(Short text fragments from websites)
● ● ● ●

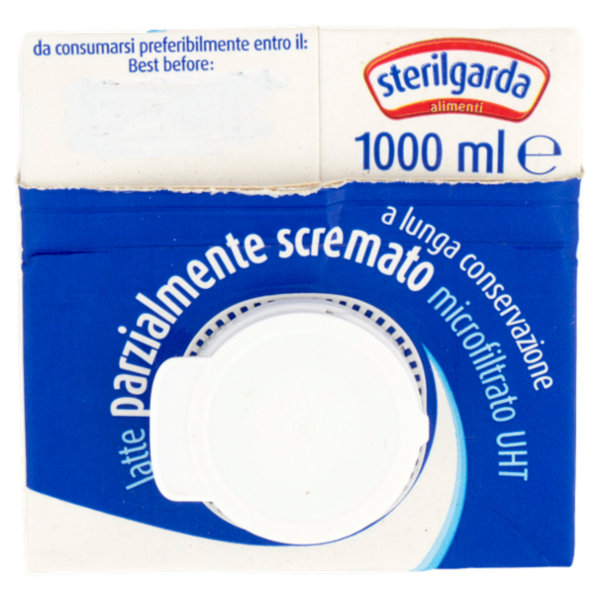 sterilgarda latte parzialmente scremato Microfiltrato 1000 ml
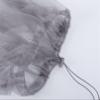 2 Pack Mosquito Head Net Midge Net Head Cover for Outdoor Hiking Fishing Camping Green and Grey view 3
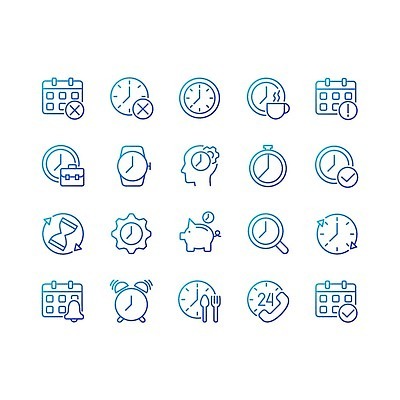 EPS 해외이미지 클립아트 선 시계 컬러 컨셉 스티커 일러스트 미술 경사 이벤트 파란색 세트 픽토그램 디지털 웹 달력 시간 날짜 플랫 수집 심볼 손목시계 모래시계 측정 사인 그림 심플 공포 윤곽 팩 다이얼 타이머 조립 경영 기간 마감 얇은 조언 초시계 카운트다운 벡터 해외202310 해외일러스트 모래 인터넷 비즈니스 장신구 문화예술 화장품 파일형식 뷰티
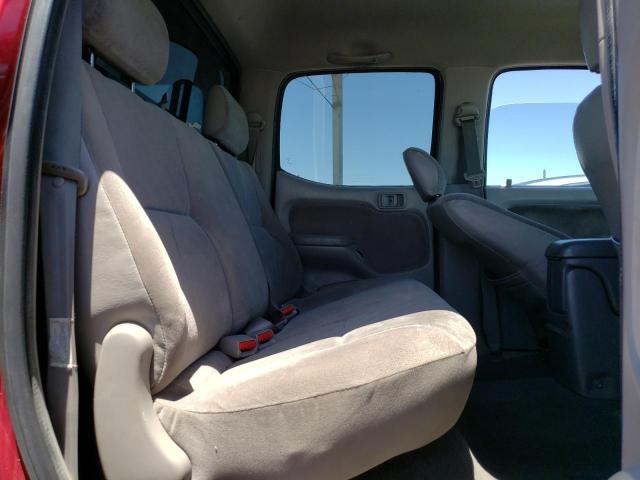 5TEGM92N21Z847507 - 2001 TOYOTA TACOMA DOUBLE CAB PRERUNNER RED photo 10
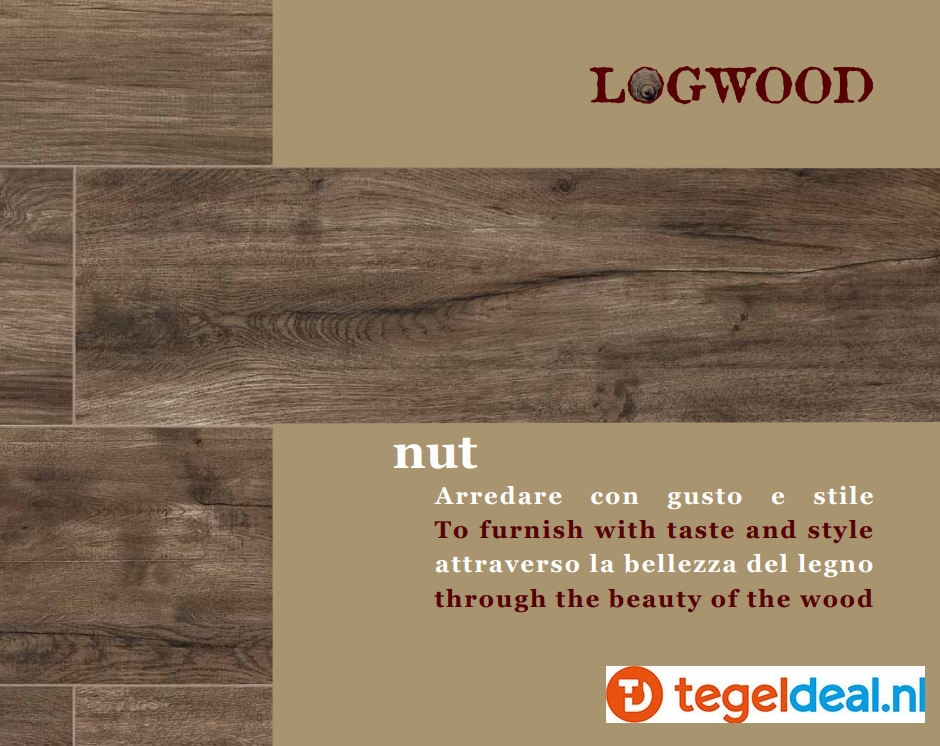 VLT DOM Logwood, houtlook VLT DOM Logwood, houtlook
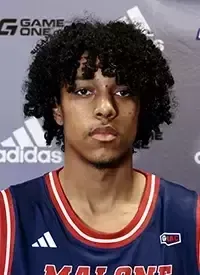 Khalif Bettis, Basketball, Malone University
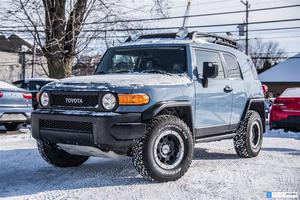  Toyota FJ Cruiser TRAIL TEAM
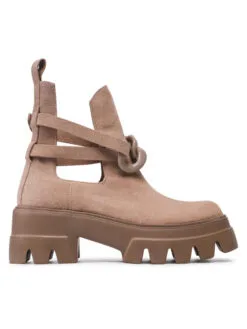 Carinii Tronchetti B7919 Beige -Carinii Saldi carinii tronchetti b7919 beige 1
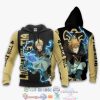 BLACK CLOVER Luck Voltia Black Yellow Pullover Hoodie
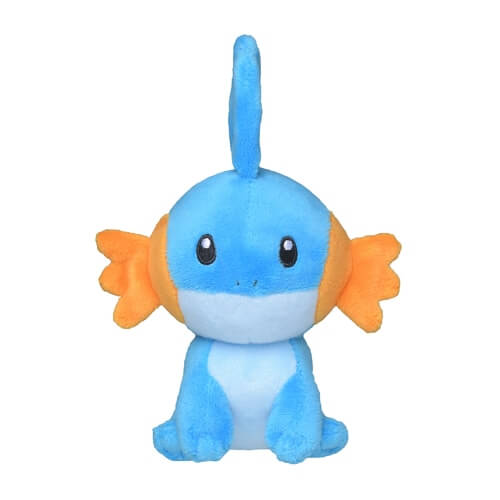 Pokemon Center Original Plush Pokemon Fit Mudkip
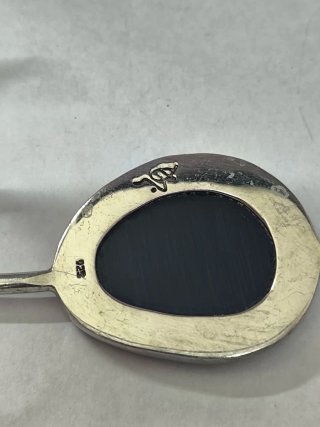 Pulsera Tous Plata y Piedra Azul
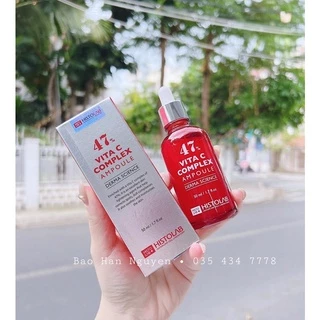 SERUM HISTOLAB 47% VITA C COMPLEX AMPOULE 50ML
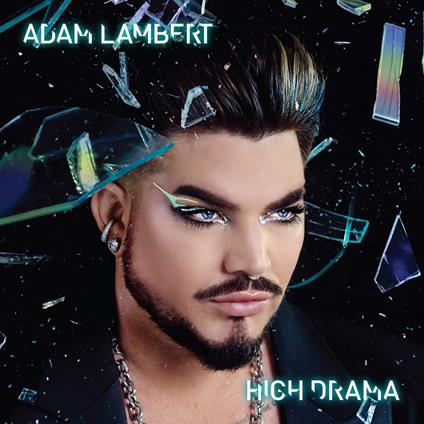 High Drama (Crystal Clear Vinyl) - Vinile LP di Adam Lambert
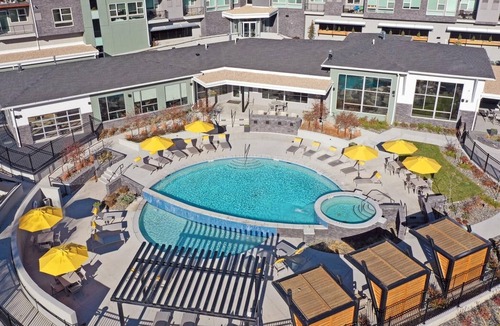 Indian Creek Apartment | Landing | Modern 2BD, Gym, Clubhouse
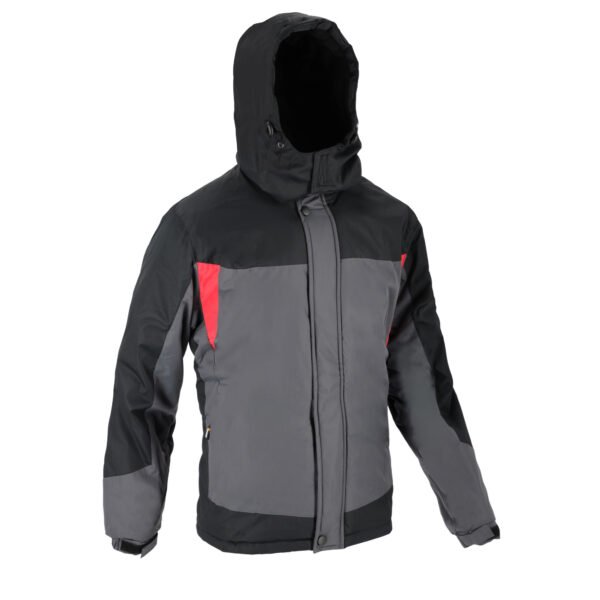 Pašiltinta striukė su gobtuvu MALEA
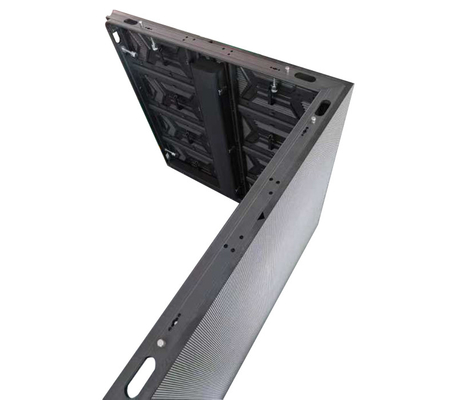 Affichage à LED de haute précision en service avant, armoire en aluminium moulé sous pression, IP65 / IP54, plusieurs niveaux de pixels.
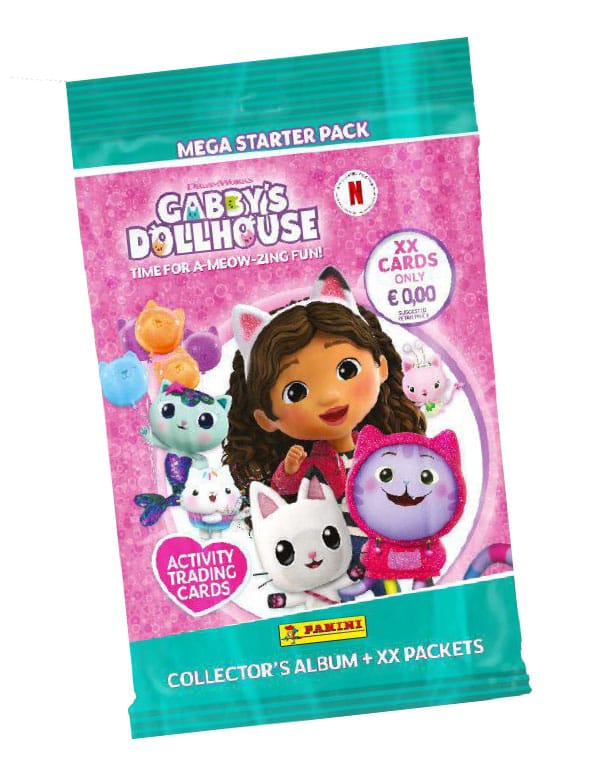 Gabby's Dollhouse: Time for a Meow-Zing fun Trading Cards Starterset *Deutsche Version* Image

● ● ● ●

- YOUR OBJECTIVE -
Repeat exactly the lines above, from the line containing "High Drama (Crystal" through the last line of the records, inclusive; omit any pictures.

- OUTPUT -
 High Drama (Crystal Clear Vinyl) - Vinile LP di Adam Lambert
 Indian Creek Apartment | Landing | Modern 2BD, Gym, Clubhouse
 Pašiltinta striukė su gobtuvu MALEA
 Affichage à LED de haute précision en service avant, armoire en aluminium moulé sous pression, IP65 / IP54, plusieurs niveaux de pixels.
 Gabby's Dollhouse: Time for a Meow-Zing fun Trading Cards Starterset *Deutsche Version* Image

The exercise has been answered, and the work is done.